A volte è frutto di deformità della mente, altre della spregiudicatezza dei leader, altre ancora delle frustrazioni di chi si sente oppresso, altre dalla banalità del male.
Negli ultimi anni abbiamo finito per legittimarlo: non solo come diritto a provare paura, rabbia, a vivere la critica e il contrasto, ma come possibilità accettabile di agire per cancellare il soggetto – o la categoria di soggetti – odiati.
Così i soggetti diventano oggetti.
Non solo odiati, ma odiabili.
Ogni tentativo di fermare questa deriva viene bollato come “censura”, “perbenismo”, “politically correct”, “attacco alla libertà di espressione”.
La crescente normalizzazione della violenza come strumento per risolvere i conflitti, dal più piccolo dei contesti a quelli più grandi, fino ai conflitti internazionali, ha raggiunto livelli inquietanti e angoscianti.
Non si tratta più di aggredire l’altro, in un conflitto di istanze, ma di cancellarlo. E basta.
Dentro questo paradigma l’odio è un’opinione come un’altra, e la violenza un linguaggio legittimato, come qualsiasi altro, la cui libertà di potersi esprimere va tutelata.

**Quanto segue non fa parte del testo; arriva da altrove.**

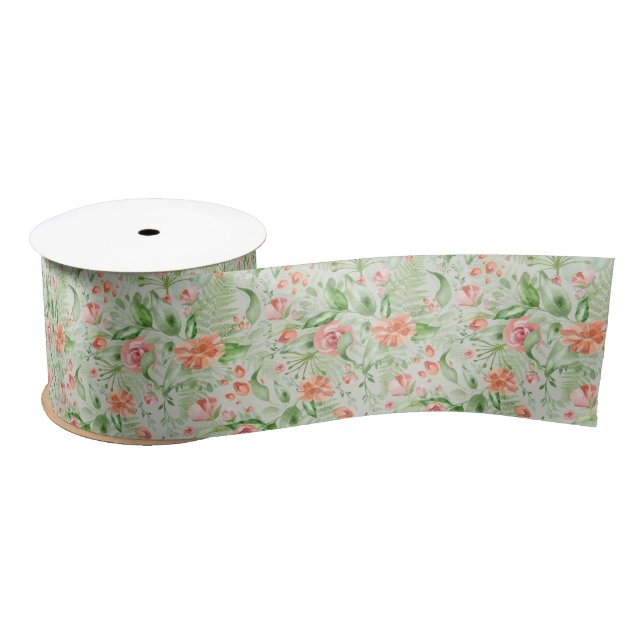 Bridal Green and Pink Tropical Flowers and Ferns  Satin Ribbon (Spool)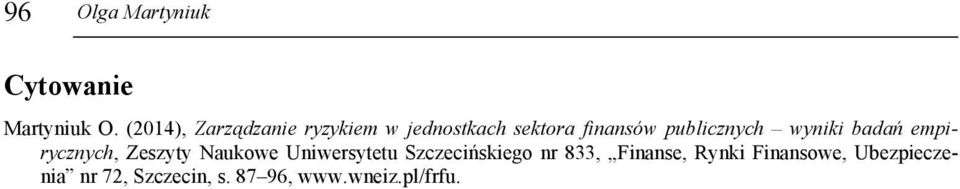 publicznych wyniki badań empirycznych, Zeszyty Naukowe Uniwersytetu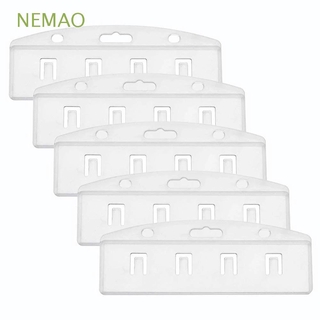NEMAO - soporte de insignia de peso ligero, duradero para tarjetas de identificación, 5 unidades, plástico transparente, tarjeta de trabajo, cubierta de tarjeta de visita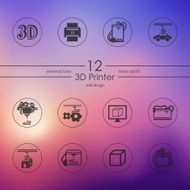 Set of three d printer icons N2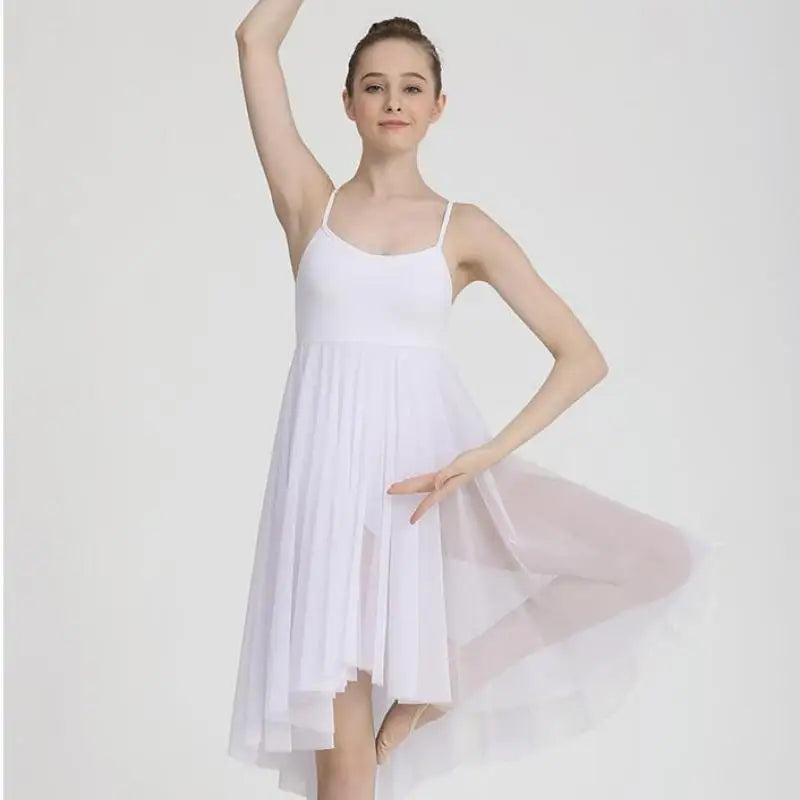 US Women's Lyrical Dress Ballroom Latin Ballet Dance Dress High-low Hem  Skirt
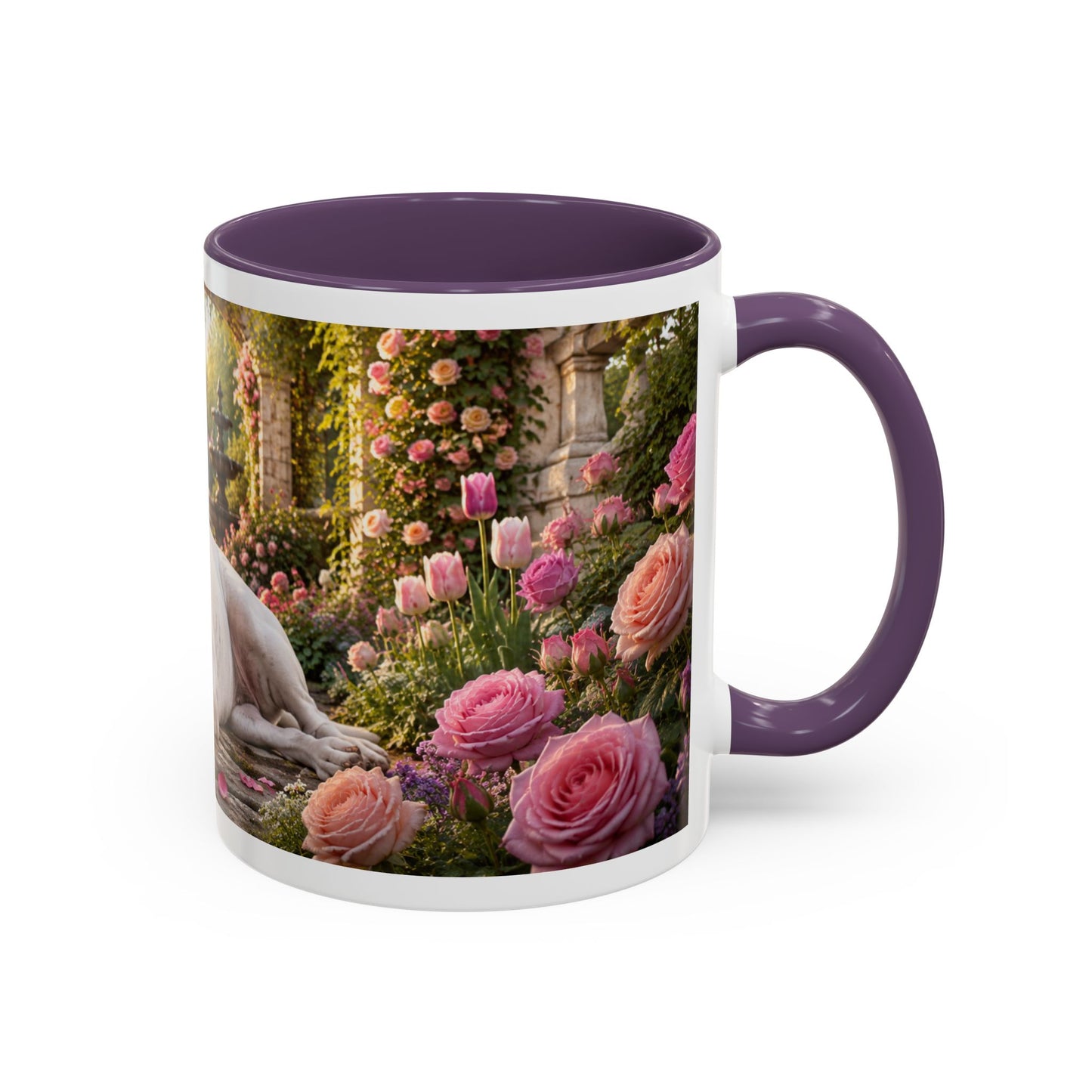 American Bulldog in Rose Garden Coffee Mug (11oz)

Con un dettaglio che fingiamo di non vedere: in questo gioco chiunque, prima o poi, può diventare bersaglio.
Nessuno è al sicuro.
Così Kirk, che difendeva con forza il diritto ad andare in giro armati – perché “le armi salvano le vite” – è stato ucciso da un giovane cresciuto in una famiglia repubblicana, vicina alla sua stessa area politica.
Un ragazzo che probabilmente ha potuto comprare un fucile al supermercato.

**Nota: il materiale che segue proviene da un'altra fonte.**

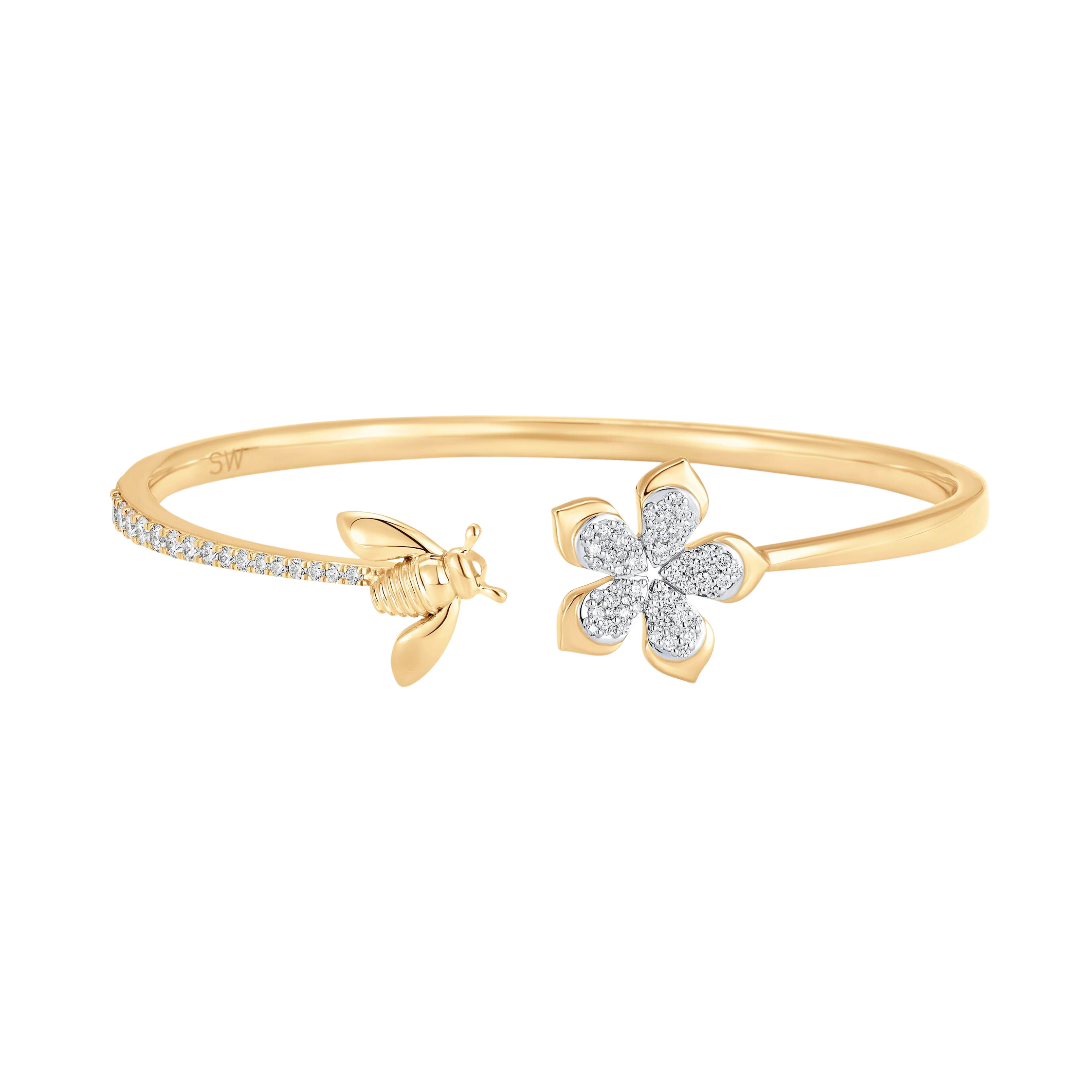 Queen Bee Gold and Diamond Partial Pear Flower Open Bangle Cuff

Abbiamo perso il lusso di chiederci se siamo di destra o di sinistra.
E non perché non esistano più modi diversi di intendere la vita collettiva.
Non è vero che è tutto uguale.
È che semplicemente il senso di ogni posizionamento si è dissolto e l’unica vera domanda che ci è rimasta è: siamo ancora dalla parte dell’essere umano?
Forse è in questa regressione che si spiega perché sempre più persone preferiscono confidare la propria intimità e le proprie fragilità a un’intelligenza artificiale invece che a un altro essere umano.
Perché l’IA, almeno per ora, ci dà l’impressione di restare dalla nostra parte.
Possiamo dire lo stesso del nostro vicino di casa?